*** Data records Section Begins ***

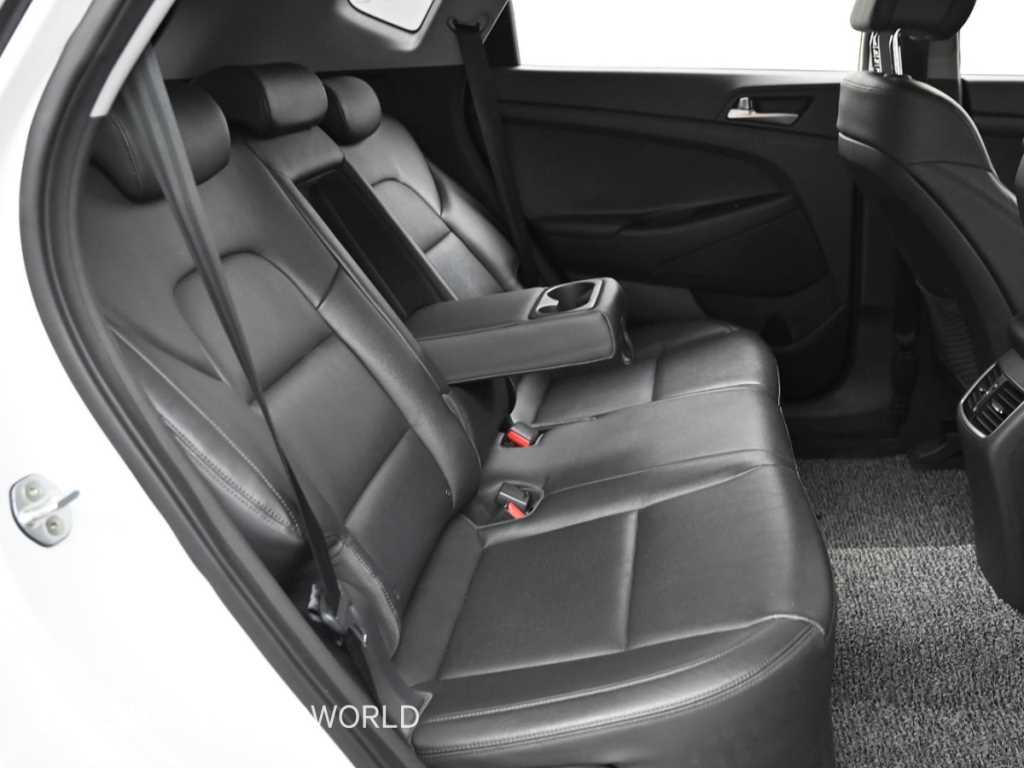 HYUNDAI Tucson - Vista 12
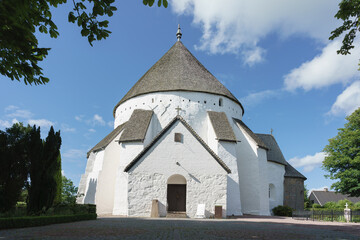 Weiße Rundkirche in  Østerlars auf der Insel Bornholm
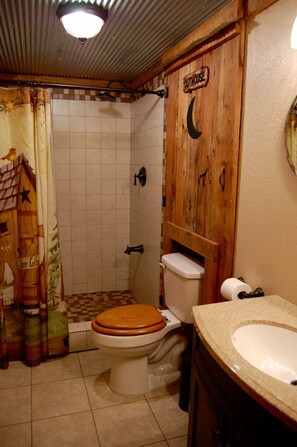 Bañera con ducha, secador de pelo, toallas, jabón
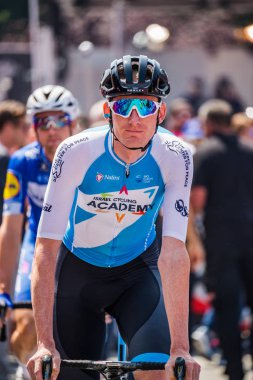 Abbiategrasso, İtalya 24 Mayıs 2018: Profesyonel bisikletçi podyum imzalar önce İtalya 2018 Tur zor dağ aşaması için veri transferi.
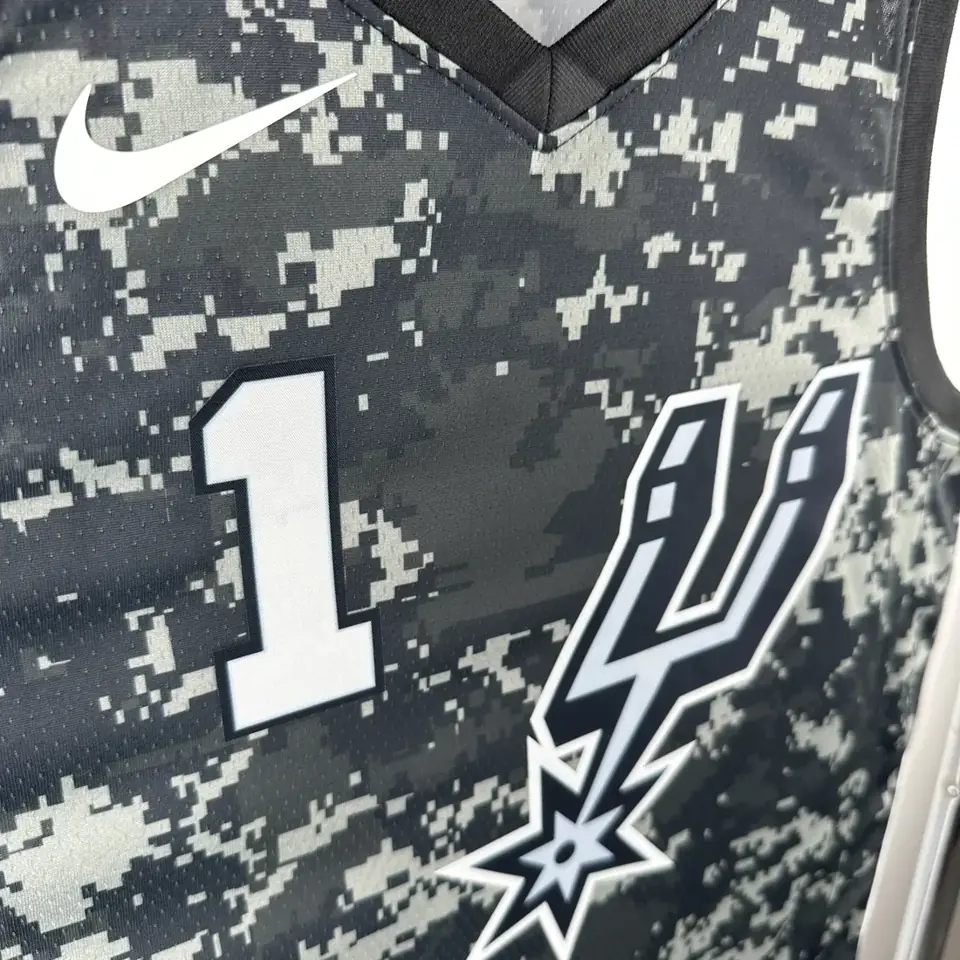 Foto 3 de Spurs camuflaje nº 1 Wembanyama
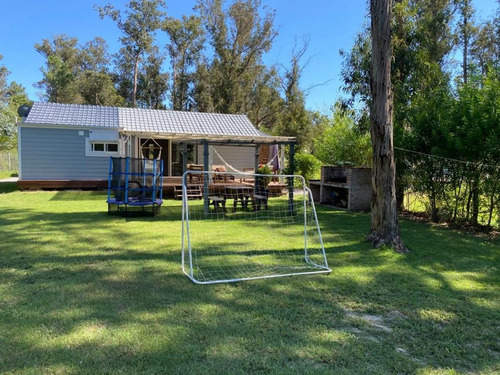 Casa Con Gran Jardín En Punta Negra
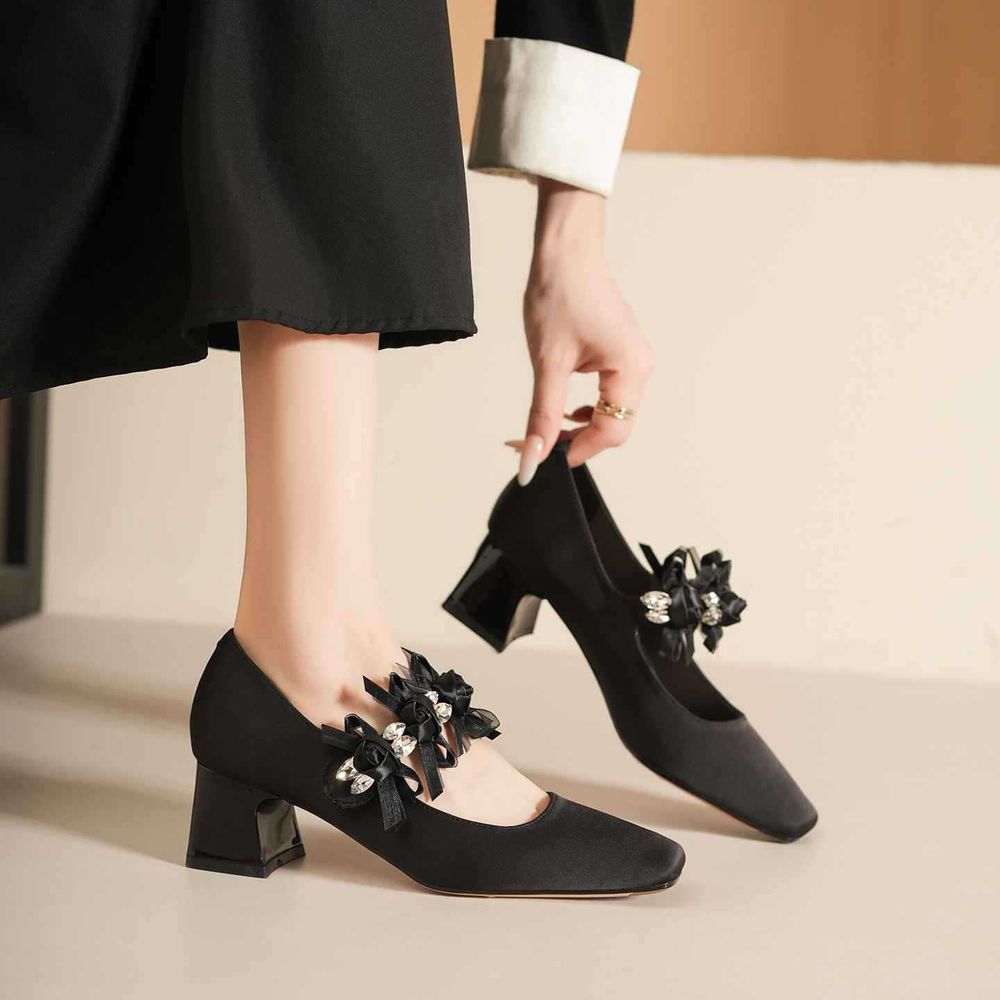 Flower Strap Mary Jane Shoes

*** Data records Section Ends ***

Exercise brief
Exactly the lines from the one with "Bañera con ducha, secador" through the end of the entries above must be written out, and no pictures may be included.

Your solution
 Bañera con ducha, secador de pelo, toallas, jabón
 Abbiategrasso, İtalya 24 Mayıs 2018: Profesyonel bisikletçi podyum imzalar önce İtalya 2018 Tur zor dağ aşaması için veri transferi.
 Foto 3 de Spurs camuflaje nº 1 Wembanyama
 Casa Con Gran Jardín En Punta Negra
 Flower Strap Mary Jane Shoes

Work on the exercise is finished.